More than 90% of Route 94's mileage is inside Glastonbury, where the road is better known as Hebron Avenue. Between Route 2 and Eastern Boulevard, Route 94 is four lanes wide, serving office parks and light industry. It narrows to two lanes thereafter as the scenery transitions from suburban to rural.

CT 94 History

One of the first state highways

After the state Highway Department was formed in 1895, one of its first contracts was "Specifications for grading and macadamizing a portion of the highways of the town of Glastonbury, Conn.", dated September 1895. Work on the 16-foot-wide road extended for about 7,600 feet, from Main Street toward Addison.

This was long before any highway in the state was numbered, but this contract places that section of Hebron Avenue, the ancestor to Route 94, as one of the very first state highways.

Modern Route 94

Route 94 was commissioned in 1932, from the 1920s State Highway 165. It originally started at Main Street in Glastonbury, which was Routes 2 and 15 at the time. In 1952, the section of the Glastonbury Expressway intersecting Route 94 opened. In 1955, Route 94's western terminus was moved to Sycamore Street, across from the Route 2 eastbound offramp.

In late 1931, state planning maps had Route 94 marked instead as Route 180.

A nip here, a tuck there

Route 94 has had several curves straightened over the years:

Widened to four lanes in the 90s

One primary role of Route 94 is to funnel traffic from a large portion of Glastonbury and Hebron to Route 2. Near the interchange are a few large industrial parks. In the mid-1990s, the stretch between Route 2 and Eastern Boulevard was widened to four lanes to relieve congestion.

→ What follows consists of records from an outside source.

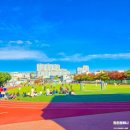 영천중앙초등학교 이미지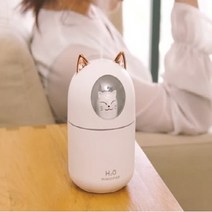 다이소가습기 병원 비염 공부방 작은방 회사 독서실 조용한 책상용 원룸 세척편한 사무실 저소음 USB 가습기, 화이트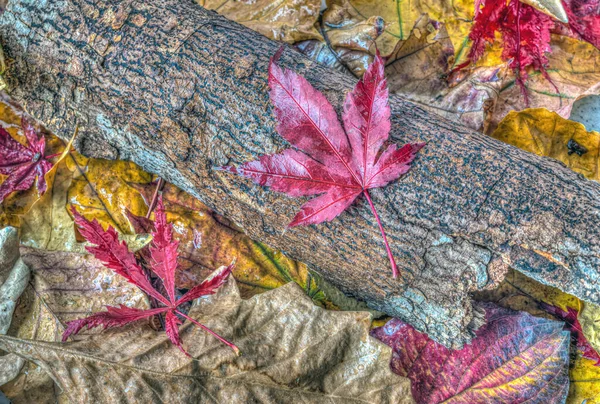 Jesień Jesień Liście Lesie Japoński Klon — Zdjęcie stockowe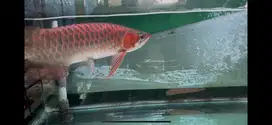Arwana super red jumbo 55cm up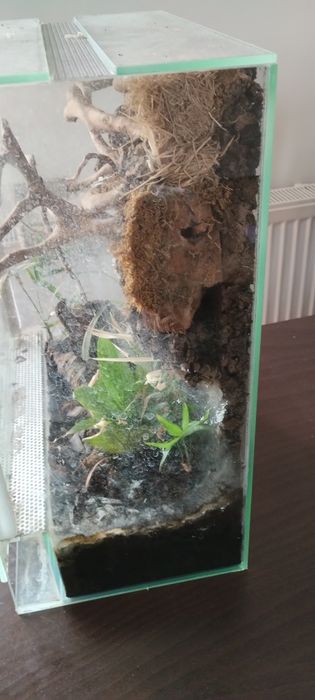 Terrarium dla gada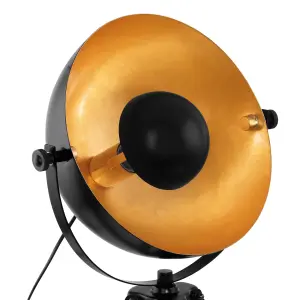 EGLO Table Lamp Black/Gold COVALEDA (21)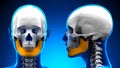 Female Mandible Bone Skull Anatomy - blue concept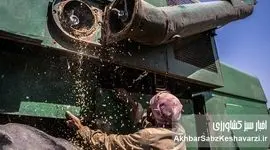 مرگ خاموش ۳۰۰ هزار تن گندم: کمباین‌های فرسوده، قاتل نان ۲ میلیون ایرانی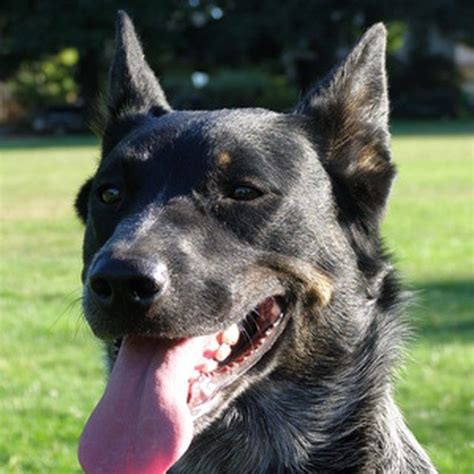 Tenacious, determined and smart, the Australian cattle dog needs to live an active life. Blue ...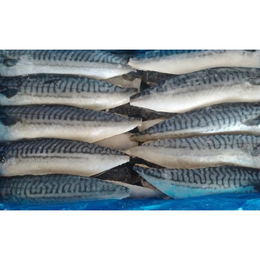 サバフィレ(ノルウェー産 無塩)80枚　40枚入×2合　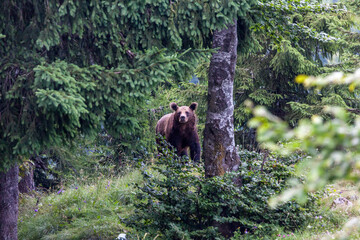 Junger Braunbär (Ursus arctos) im Nationalpark Bucegi, Karpaten, Sinaja, Rumänien
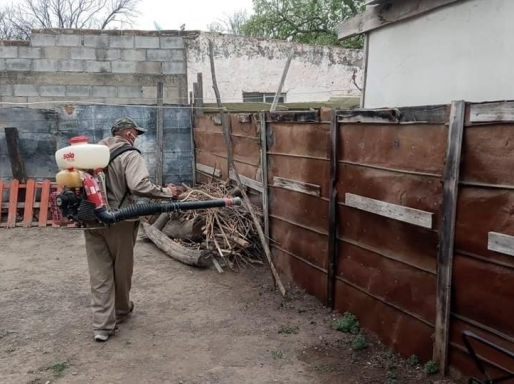 Continúa Coahuila en vacaciones acciones contra el dengue, zika y chikungunya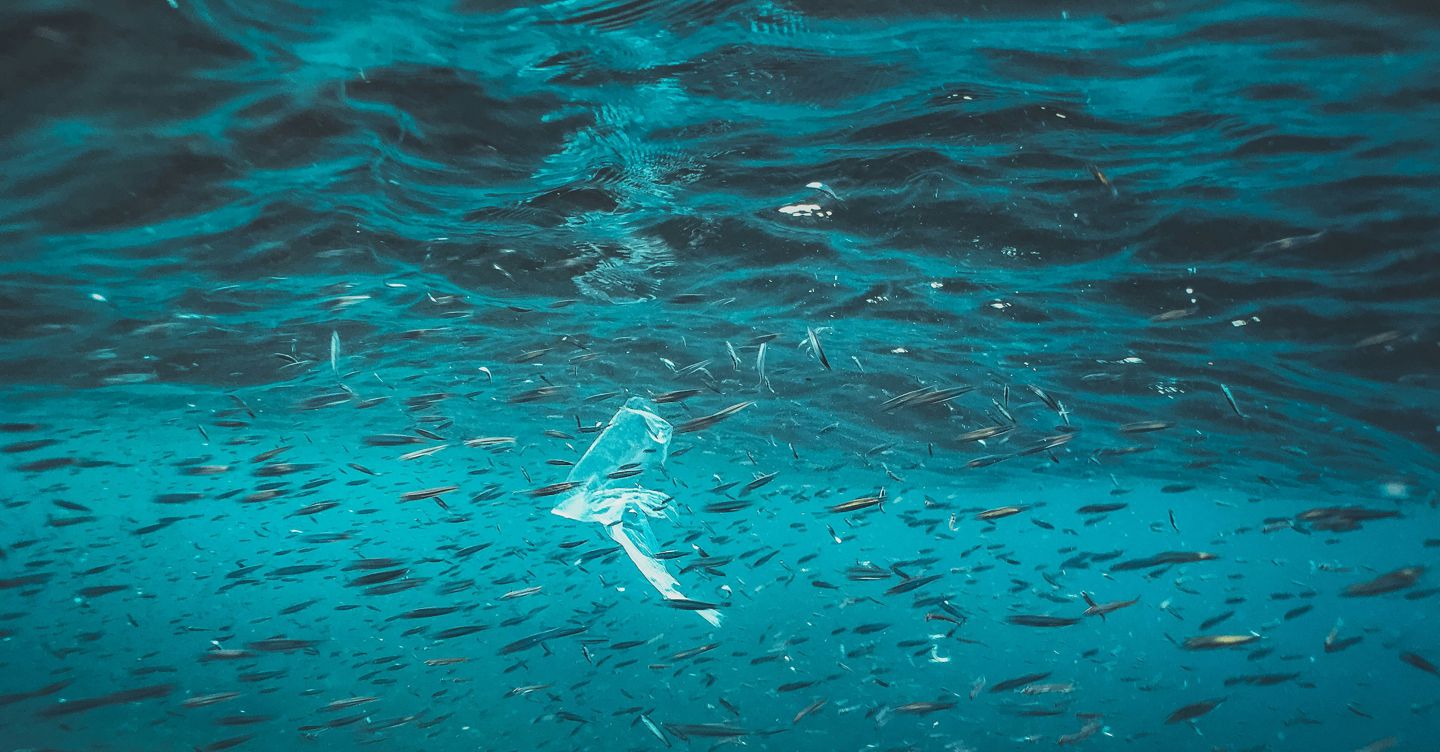 https://i2.res.24o.it/images2010/S24/Documenti/2025/05/30/Immagini/Ritagli/naja-bertolt-jensen-vQSzhjk7mss-unsplash-U58468124035YXW-1440x752@IlSole24Ore-Web.jpg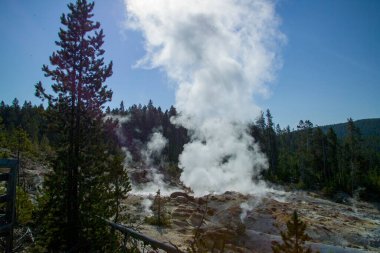 Yellowstone 'un jeotermal alanları birkaç gayzer havzasını içerir. Batı başparmağı Yellowstone Gölü kıyısında.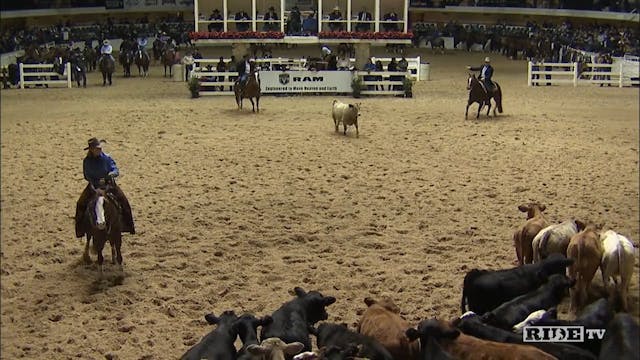 2015 NCHA World Championship Futurity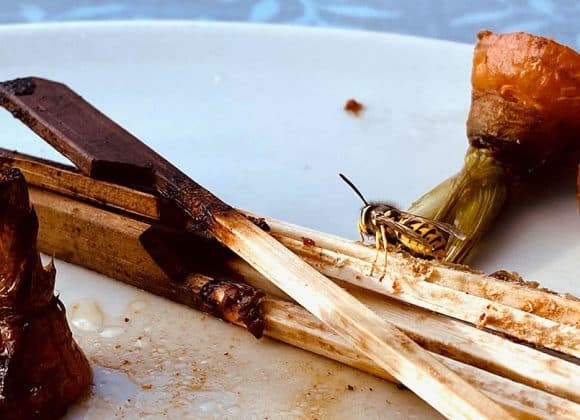 Voorkom schimmel en insecten: slimme strategieën voor een gezond binnenklimaat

Former Route 94 in downtown Glastonbury

In late 2002, a "concept plan" was unveiled in Glastonbury that recommended widening Hebron Avenue to four lanes between Sycamore Street and New London Turnpike. East of Sycamore Street is the beginning of Route 94, and an existing four-lane section extending to Eastern Boulevard.

The town was given a Dec. 10, 2002 deadline to decide how to use a $1 million state grant: widen Hebron Avenue, or reconstructing Main Street (former Route 17) through the historic district.

In January 2003, the town council approved rebuilding part of Main Street and seeking money for widening Hebron Avenue.

As of 2020, widening Hebron Avenue appears to be off the table, two large projects have taken place. The traffic signal at New London Turnpike was replaced with a roundabout; and another roundabout was installed at House Street. Reasons for these included state concerns that traffic signals would lead to traffic backups on the state-maintained Route 94 portion of Hebron Avenue.


For a long time, possibly since Route 2 opened, the guide signs for Route 94 read "Glastonbury Center / [94] Hebron". However, the better way to Hebron is to stay on Route 2 and use Route 66 from Marlborough. In a signing revision in the late 80s or 90s, the signs were changed to say "[94] / Hebron Avenue".

A 1949 Rand McNally map erroneously shows Route 94 co-signed with Route 85 down to Route 66 (US 6A at the time) in Hebron.